- [WORK TO BE COMPLETED] Reproduce exactly, with no other output, every line of the data below from the line containing "Anthropic lance Reflect" to the end, inclusive.

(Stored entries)
________________________________________
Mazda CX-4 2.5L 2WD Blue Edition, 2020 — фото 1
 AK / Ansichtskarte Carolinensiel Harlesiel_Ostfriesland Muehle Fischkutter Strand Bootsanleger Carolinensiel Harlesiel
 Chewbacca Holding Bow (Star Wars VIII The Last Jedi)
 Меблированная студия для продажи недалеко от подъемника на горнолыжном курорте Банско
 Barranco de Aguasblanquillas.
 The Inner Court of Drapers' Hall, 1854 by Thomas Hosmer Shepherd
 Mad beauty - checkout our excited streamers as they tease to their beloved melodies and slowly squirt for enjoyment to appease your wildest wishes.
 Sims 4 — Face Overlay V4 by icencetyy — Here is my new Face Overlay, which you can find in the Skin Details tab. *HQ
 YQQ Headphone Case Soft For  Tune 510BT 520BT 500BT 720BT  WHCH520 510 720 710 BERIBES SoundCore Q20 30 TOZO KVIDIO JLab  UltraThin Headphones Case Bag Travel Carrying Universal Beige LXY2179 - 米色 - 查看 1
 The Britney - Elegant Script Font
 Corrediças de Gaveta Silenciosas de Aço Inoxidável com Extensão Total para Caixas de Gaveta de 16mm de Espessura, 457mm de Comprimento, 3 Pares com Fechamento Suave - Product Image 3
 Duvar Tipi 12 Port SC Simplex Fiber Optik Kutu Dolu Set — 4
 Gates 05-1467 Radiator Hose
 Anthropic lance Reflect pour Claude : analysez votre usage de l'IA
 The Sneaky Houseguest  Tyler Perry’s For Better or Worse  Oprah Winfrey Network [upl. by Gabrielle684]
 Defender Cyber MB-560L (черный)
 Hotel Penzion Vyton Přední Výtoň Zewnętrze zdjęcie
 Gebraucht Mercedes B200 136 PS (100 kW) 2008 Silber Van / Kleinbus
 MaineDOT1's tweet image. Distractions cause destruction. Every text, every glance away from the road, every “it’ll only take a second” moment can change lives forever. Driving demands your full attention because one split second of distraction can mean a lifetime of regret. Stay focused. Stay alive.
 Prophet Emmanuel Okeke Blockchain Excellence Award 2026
________________________________________
- [ANSWER BOX]
 Anthropic lance Reflect pour Claude : analysez votre usage de l'IA
 The Sneaky Houseguest  Tyler Perry’s For Better or Worse  Oprah Winfrey Network [upl. by Gabrielle684]
 Defender Cyber MB-560L (черный)
 Hotel Penzion Vyton Přední Výtoň Zewnętrze zdjęcie
 Gebraucht Mercedes B200 136 PS (100 kW) 2008 Silber Van / Kleinbus
 MaineDOT1's tweet image. Distractions cause destruction. Every text, every glance away from the road, every “it’ll only take a second” moment can change lives forever. Driving demands your full attention because one split second of distraction can mean a lifetime of regret. Stay focused. Stay alive.
 Prophet Emmanuel Okeke Blockchain Excellence Award 2026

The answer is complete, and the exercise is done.